U of T on international team launching missions to unveil universe’s beginnings
University of Toronto scientists are part of an international consortium launching two ambitious missions into space that will shed light on the beginnings of the Universe and the birth of stars.
One mission, Planck, will map the Cosmic Microwave Background (CMB) over the full sky with unprecedented accuracy, resolution and frequency coverage, providing the sharpest picture ever of the Universe when it was only 380,000 years old. The mission will constrain the age of the Universe and the total amount of normal and dark matter and dark energy with never-before-possible accuracy. Planck will also unveil fundamental features about the origin and evolution of cosmic structure from its nearly uniform beginnings to the complex cosmic web of galaxies and clusters of galaxies that surrounds us now.
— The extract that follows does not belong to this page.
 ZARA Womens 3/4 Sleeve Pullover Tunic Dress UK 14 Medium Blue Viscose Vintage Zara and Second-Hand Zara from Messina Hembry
"Armed with these maps, we will be able to determine with high precision the constituents that make up the mass of the Universe, including the mysterious dark matter and energy that dominate, and will be able to peer back as never before into the very early universe to determine the nature of the seeds from which cosmic structures such as galaxies arose," says Richard Bond, one of the team members and director of the Canadian Institute for Advanced Research Cosmology and Gravity Program, Canadian Institute of Theoretical Astrophysics, University of Toronto." Planck will also deliver a treasure trove of information about the Interstellar Medium — the matter that exists between the stars within a galaxy — that permeates our own Milky Way."